### RECORDED INFORMATION
..........
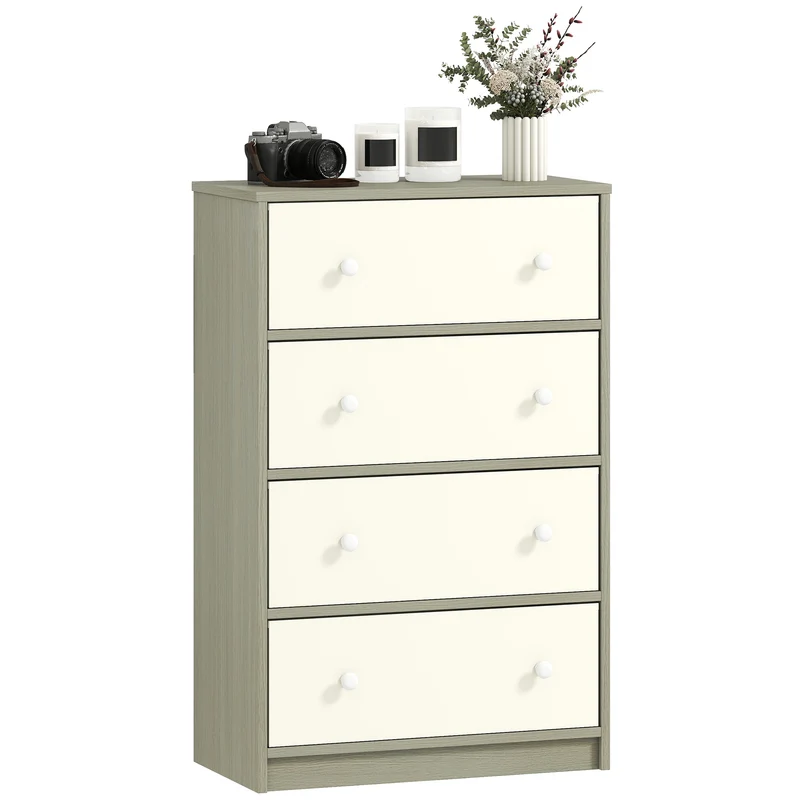 Cassettiera con 4 Cassetti in Tessuto 58x30x91 cm con Maniglie Doppie Struttura in MDF Bianco e Grigio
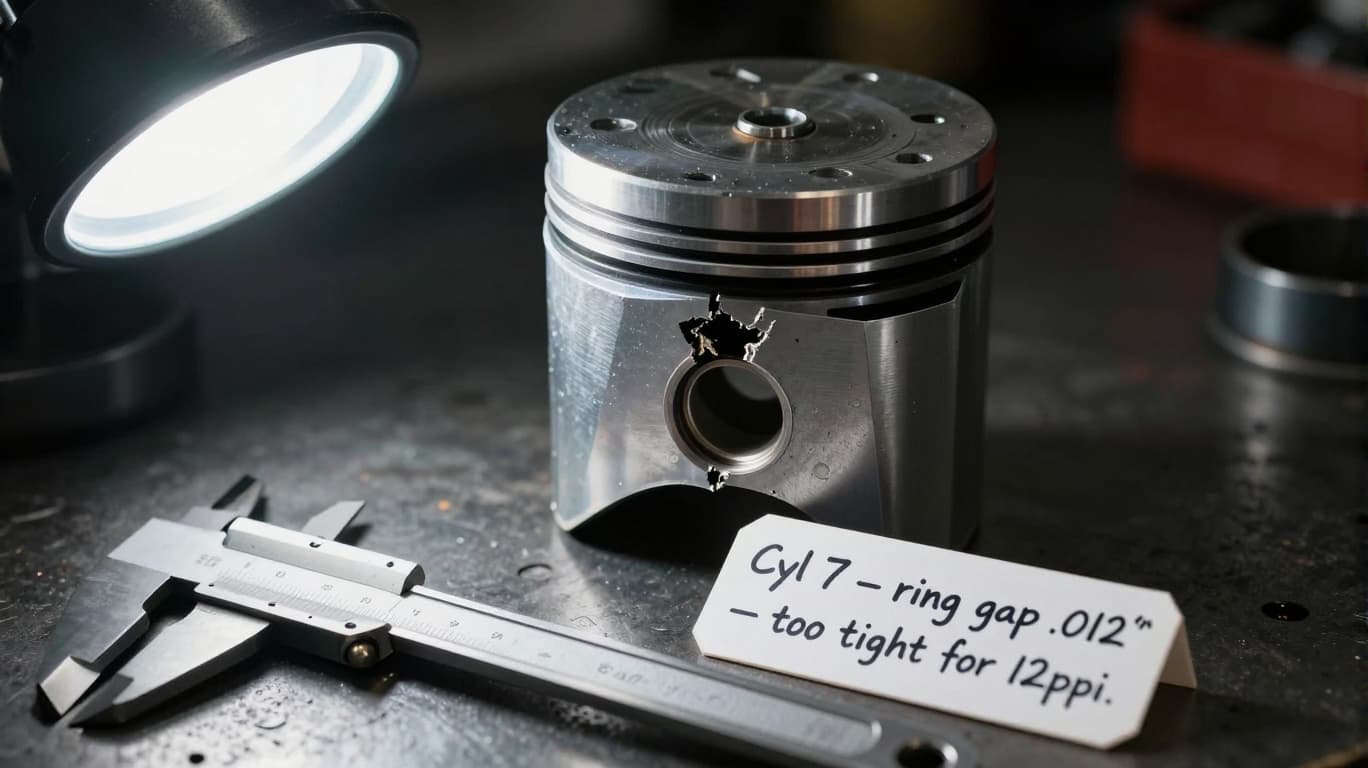 Cracked piston from ring gap failure with diagnostic notes cracked piston removed from a rebuilt engine showing ring land damage and measurement notes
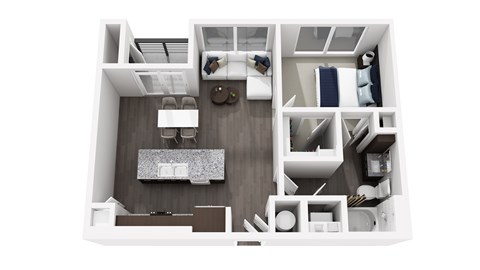 Floor plan for 1 bed, 1 bath, 712 sqft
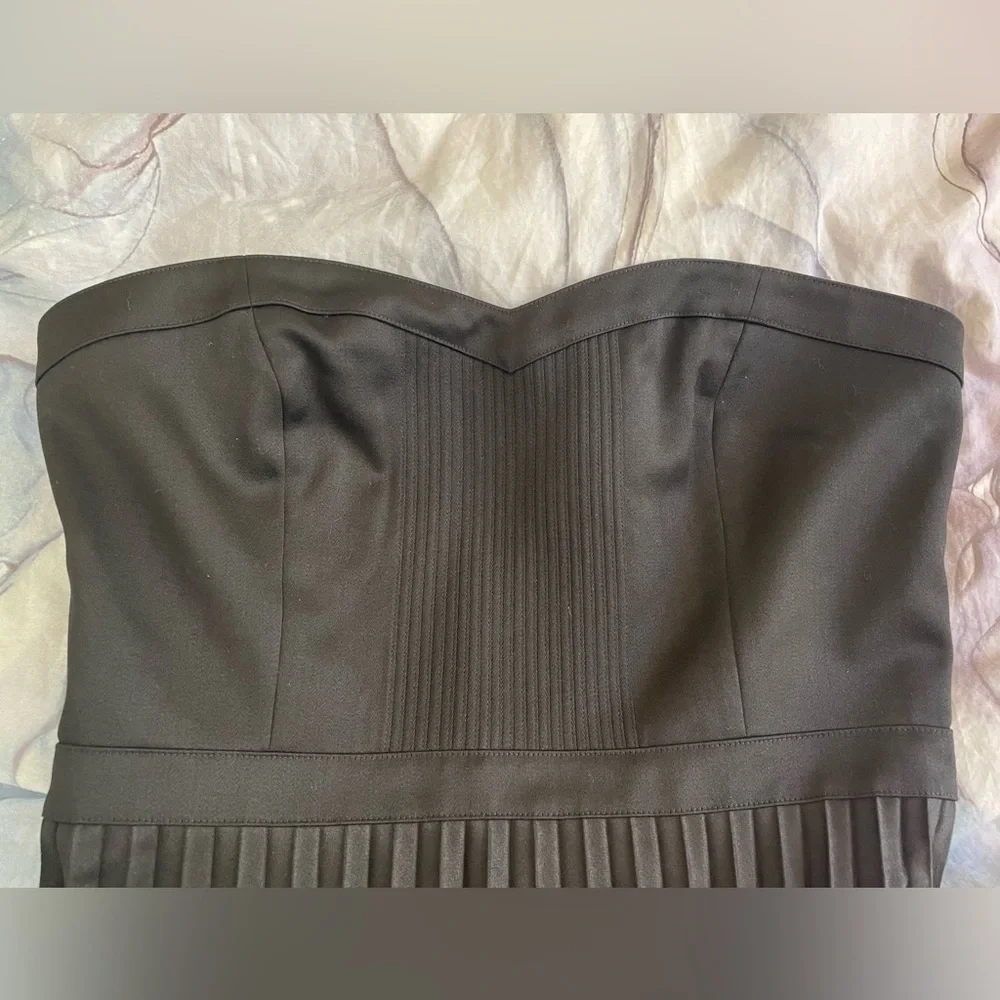 RARE J Crew Black Strapless Virgin Wool Tuxedo Midi Dress, Size 10 - Picture 3 of 4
..........
Beginning at the line that contains "Cracked piston from", transcribe it and every later line through the last line of the data above, exactly, and drop the pictures.

 Cracked piston from ring gap failure with diagnostic notes cracked piston removed from a rebuilt engine showing ring land damage and measurement notes
 Floor plan for 1 bed, 1 bath, 712 sqft
 RARE J Crew Black Strapless Virgin Wool Tuxedo Midi Dress, Size 10 - Picture 3 of 4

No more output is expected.